G. Sistematika Penulisan

  Untuk memudahkan penulisan skripsi ini, maka diperlukan adanya penulisan yang teratur, yang terbagi dalam lima bab yang saling berkaitan satu sama lain.

  Adapun sistematika penulisan skripsi ini adalah sebagai berikut: 22 Soerjono Soekanto dan Sri Mamudji, Penelitian Hukum Normatif: Suatu Tinjauan Singkat, (Jakarta: PT. Raja Grafindo Persada, 2006), hal. 13.

  BAB I : Bab ini merupakan bab pendahuluan yang isinya antara lain memuat latar belakang, pokok permasalahan, tujuan dan manfaat penulisan, keaslian penulisan, tinjauan kepustakaan, metode penulisan dan sistematika penulisan.
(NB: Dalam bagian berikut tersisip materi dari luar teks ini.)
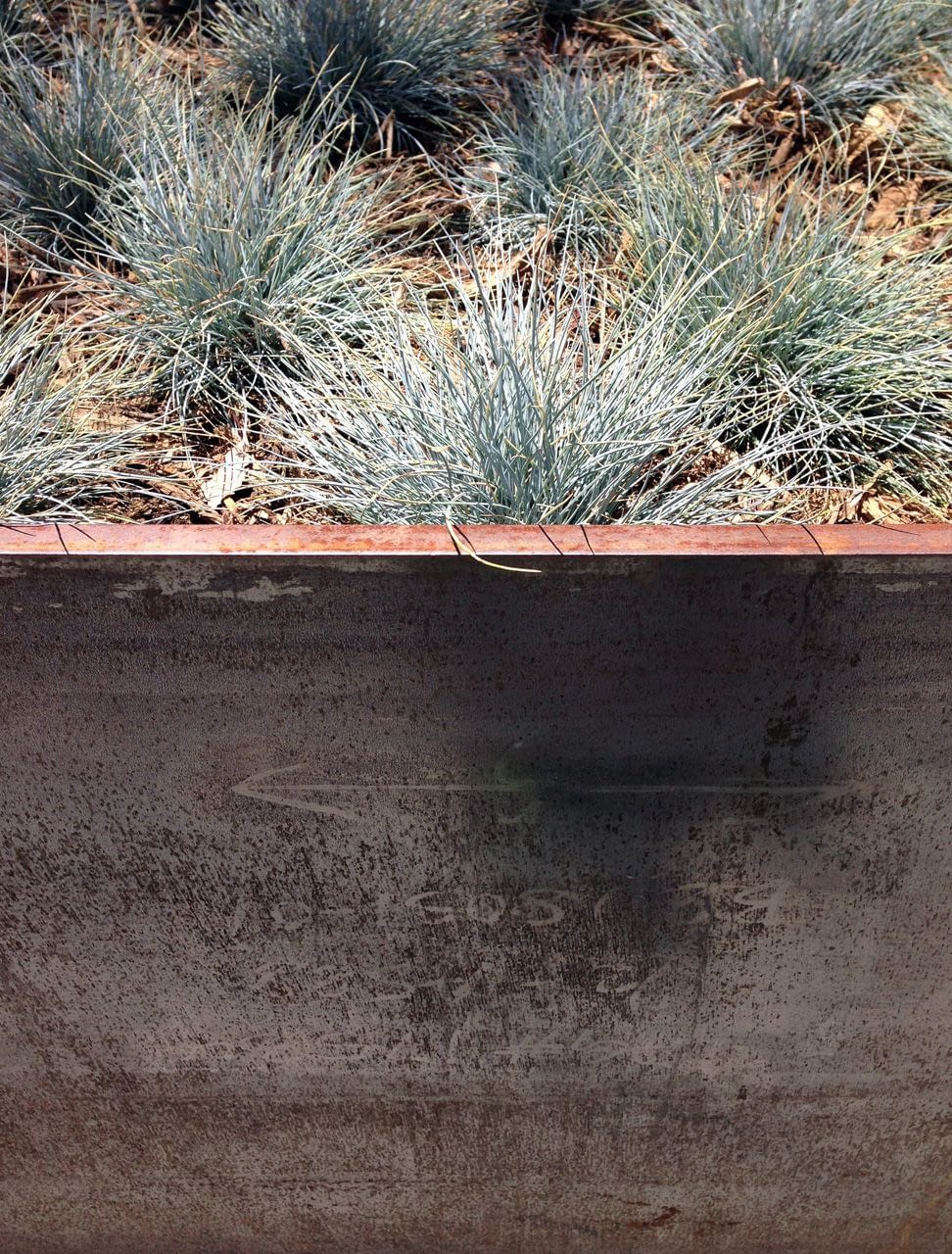 Oak Streets Residence — Fiore Landscape Design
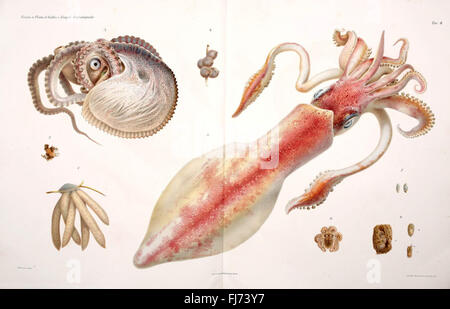 'I Cefalopodi Viventi nel Golfo di Napoli' est une étude systématique des céphalopodes dans le golfe de Naples, couvrant les calmars, les pieuvres et les seiches. Banque D'Images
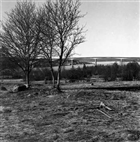 TRÄD LANDSVÄGSBRO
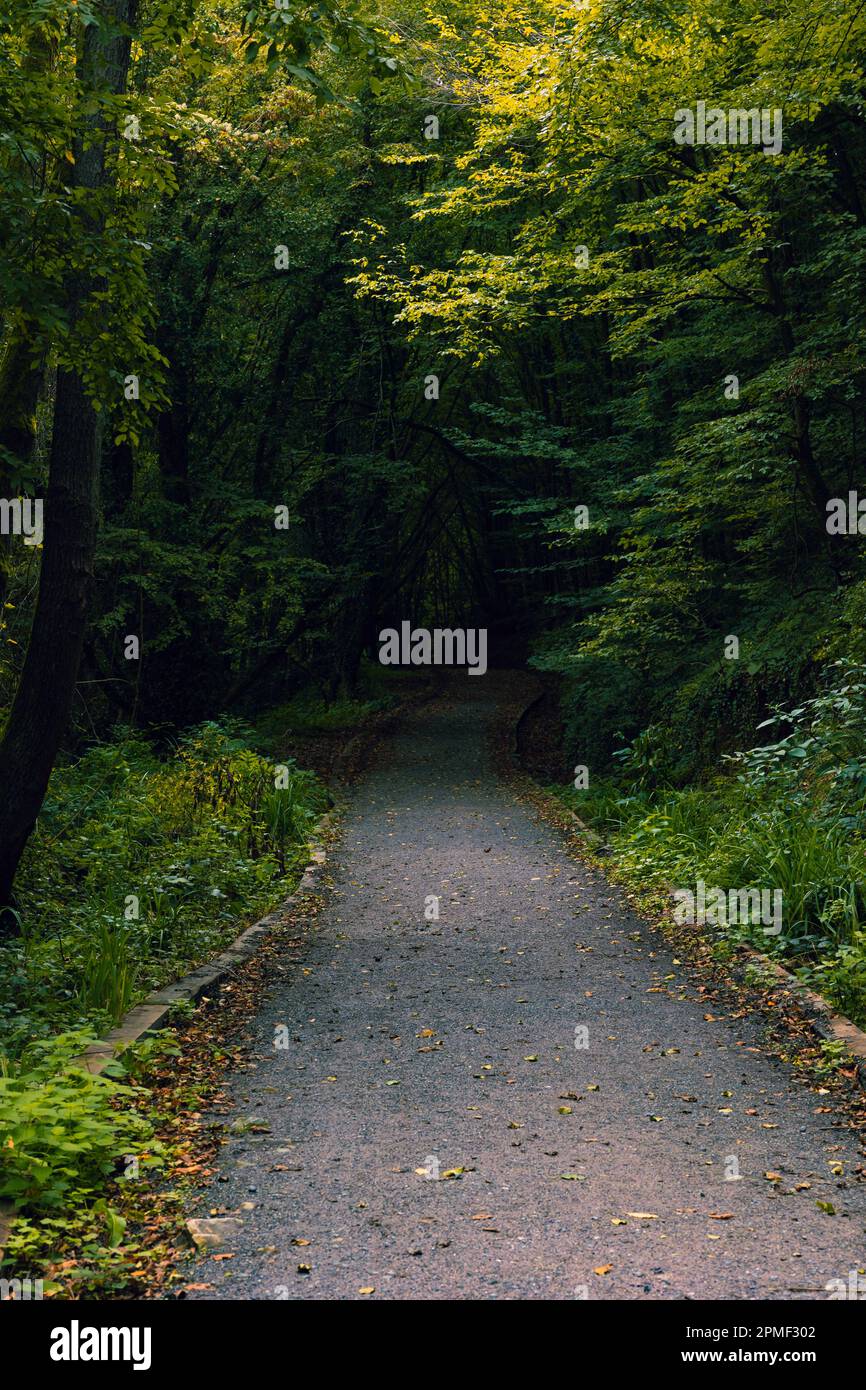Percorso nella foresta che va al buio. Foto verticale con vista foresta spaventosa o malinevola. Foto Stock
  BAB II : Bab ini akan menguraikan pokok-pokok pengaturan penanaman modal langsung (direct investment) di Indonesia. Seperti; pengertian, bentuk-bentuk dan manfaat penanaman modal langsung, asas dan tujuan penanaman modal langsung, bidang usaha, perizinan, fasilitas, hak dan kewajiban, serta penyelesaian sengketa.

  BAB III : Bab ini akan menjabarkan kebijakan Daftar Negatif Investasi (DNI) di Indonesia, seperti: dasar hukum dan perkembangan, Daftar Negatif Investasi, serta penerapannya di bidang pasar modal.

  BAB IV : Bab ini akan menguraikan hubungan antara kebijakan Daftar Negatif Investasi dengan kesepakatan-kesepakatan perdagangan internasional yang ada dalam Worl Trade Organization (WTO). BAB V : Bab ini merupakan bab terakhir, yaitu sebagai bab penutup yang berisi kesimpulan dan saran-saran mengenai permasalahan yang telah dibahas.